La délégation officielle nord-coréenne, qui s'est rendue à Séoul pour les funérailles de l'ancien président Kim Dae-jung dans un geste d'ouverture sans précédent de Pyongyang à l'égard d'un dirigeant politique du Sud, a rencontré le président Lee Myung-bak. Elle a remis à ce dernier un message du dirigeant Kim Jong-il, soulevant l'espoir du peuple coréen de la paix et de la réconciliation dans la péninsule. La réunification était le voeu le plus cher du président Kim Dae-jung, dans l'hommage post mortem que lui rendent ainsi tous les Coréens.
La rencontre a finalement eu lieu : le dimanche 23 août 2009, à la Maison Bleue, siège de la présidence de la République, le président sud-coréen Lee Myung-bak a rencontré la délégation nord-coréenne conduite par Kim Ki-nam (photo AP), secrétaire du Parti du travail de Corée. La délégation était venue à Séoul pour rendre hommage au président défunt Kim Dae-jung, dont la politique d'ouverture au Nord avait permis d'enclencher une dynamique de dialogue et de coopération entre les deux Corée. C'est la première rencontre à ce niveau depuis l'entrée en fonctions de Lee Myung-bak, qui avait condamné la "politique du rayon de soleil" de ses deux prédécesseurs démocrates, entraînant la remise en cause des déclarations conjointes Nord-Sud du 15 juin 2000 et du 4 octobre 2007.
La délégation nord-coréenne a transmis à Lee Myung-bak un message verbal du dirigeant Kim Jong-il, au cours d'une entrevue d'une demi-heure décrite par un porte-parole de la présidence sud-coréenne comme "très sérieuse et courtoise". Selon le porte-parole de la Maison Bleue Lee Dong-kwan, la délégation nord-coréenne aurait transmis les voeux du dirigeant Kim Jong-il d'un progrès dans les relations intercoréennes, et la réponse du président Lee Myung-bak aurait été un appel à la reprise du dialogue entre les deux pays, tout en déclarant aux Nord-Coréens qu'il n'y avait pas de sujet que les deux parties ne pouvaient pas résoudre, si elles parlaient avec sincérité. L'administration présidentielle sud-coréenne a déclaré à l'agence Yonhap : "nous pouvons dire qu'il y a eu un changement de paradigme".

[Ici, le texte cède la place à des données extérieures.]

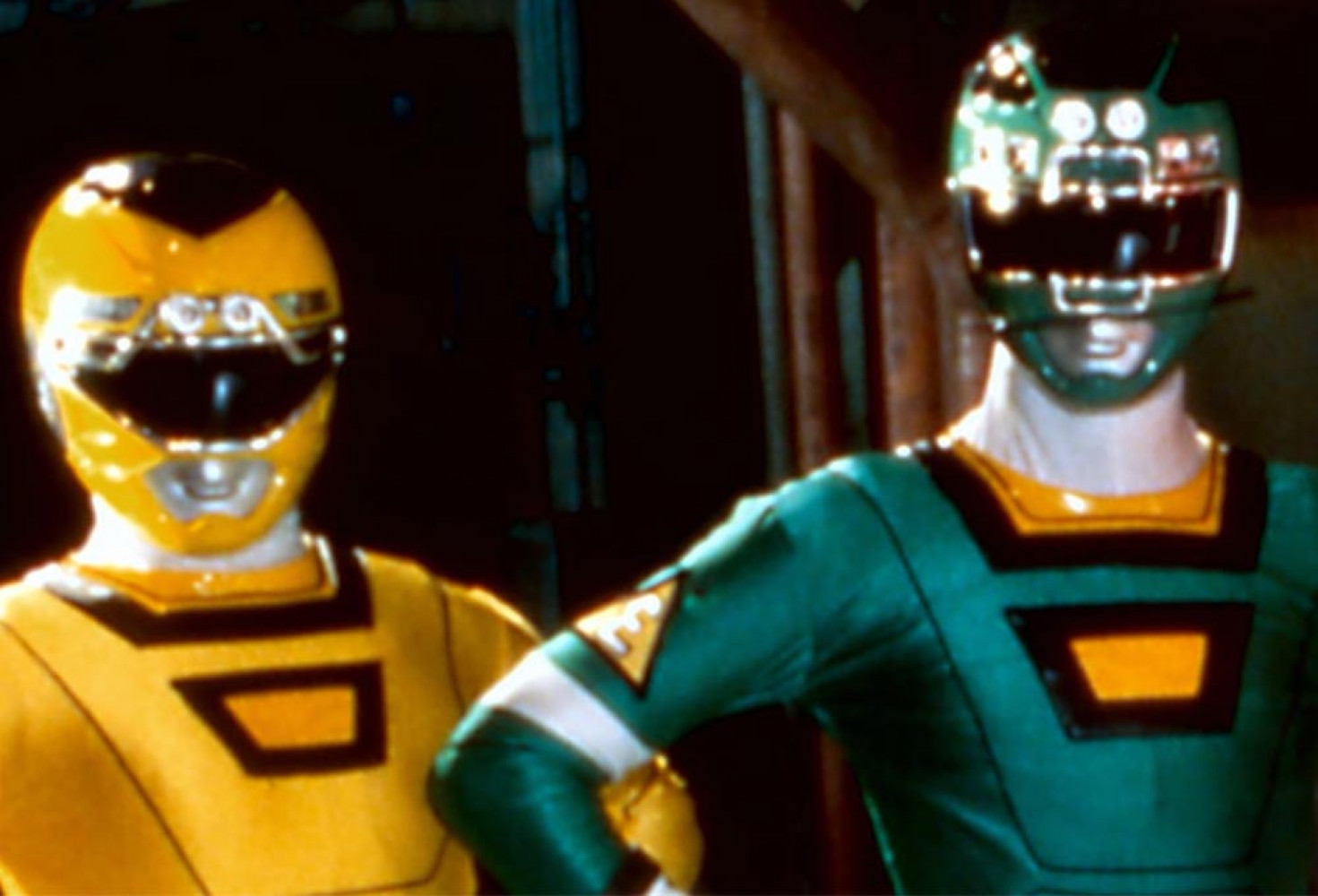 Power Rangers’ın karanlık yüzü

L'espoir que soulève cette rencontre est à l'image de la douleur du peuple coréen après la mort de l'ancien président Kim Dae-jung, qui a reçu des funérailles d'Etat dimanche après-midi, pendant que des dizaines de milliers de personnes s'étaient réunies à l'extérieur du Parlement. Son engagement continu en faveur de la paix et de la réconciliation en Corée, avant même le premier contact intergouvernemental en 1972, l'avait alors fait accuser de "communisme", tout en ayant été l'objet d'une tentative d'attentat, d'un enlèvement et de condamnations à mort par le pouvoir militaire sud-coréen. L'ouverture de ces derniers jours, à l'initiative du Nord, est le plus bel hommage qui puisse lui être rendu.

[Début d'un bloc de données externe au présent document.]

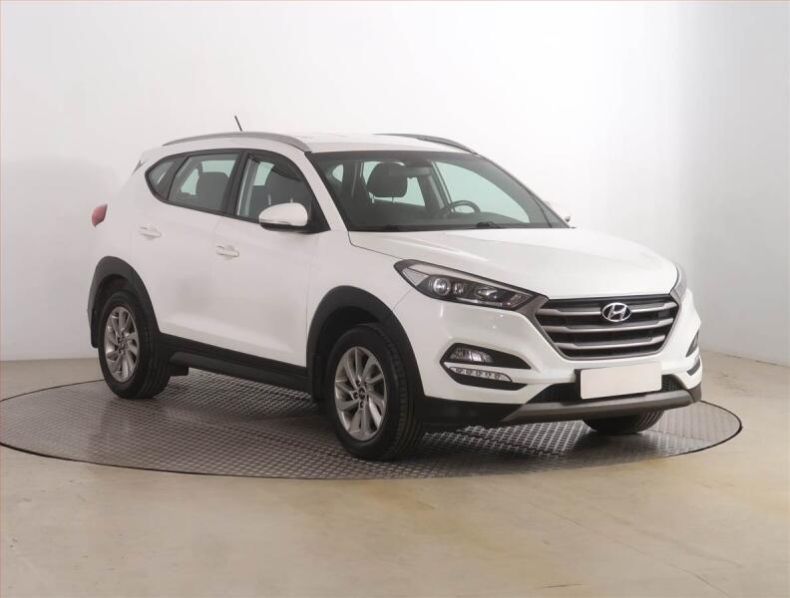 Hyundai Tucson - hlavní fotka inzerátu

Lors de son investiture, en février 2008, Lee Myung-bak avait refusé la présence d'une délégation nord-coréenne. Sa rencontre avec Kim Ki-nam est déjà, en soi, le signe d'un infléchissement notable. Lee Myung-bak ne peut pas ignorer le changement de contexte international, après les rencontres de Bill Clinton et de Mme Hyun Jeong-eun, présidente de Hyundai, avec Kim Jong-il, président de la Commission de la défense nationale de la République populaire démocratique (RPD) de Corée, à l'instar du Parti démocrate du Japon, aux portes du pouvoir, dont le président prône le dialogue avec Pyongyang. Dans ce cadre, le gouverneur du Nouveau-Mexique, Bill Richardson, qui a été un interlocuteur régulier de la RPD de Corée aux Etats-Unis, a rencontré récemment deux diplomates nord-coréens en poste aux Nations-Unies. Il est ressorti de ces échanges l'attente par Pyongyang d'un dialogue bilatéral direct avec les Etats-Unis, ainsi qu'un intérêt marqué pour les questions d'énergie.
Pour le pouvoir sud-coréen, la difficulté sera de répondre aux attentes des Coréens, du Sud comme du Nord, d'une reprise du dialogue et des échanges, sans apparaître renier trop ouvertement les principes de fermeté et de réciprocité qui, après être devenus les marques de fabrique de la politique nord-coréenne de Lee Myung-bak, ont mené les relations entre les deux Etats au bord de l'affrontement militaire.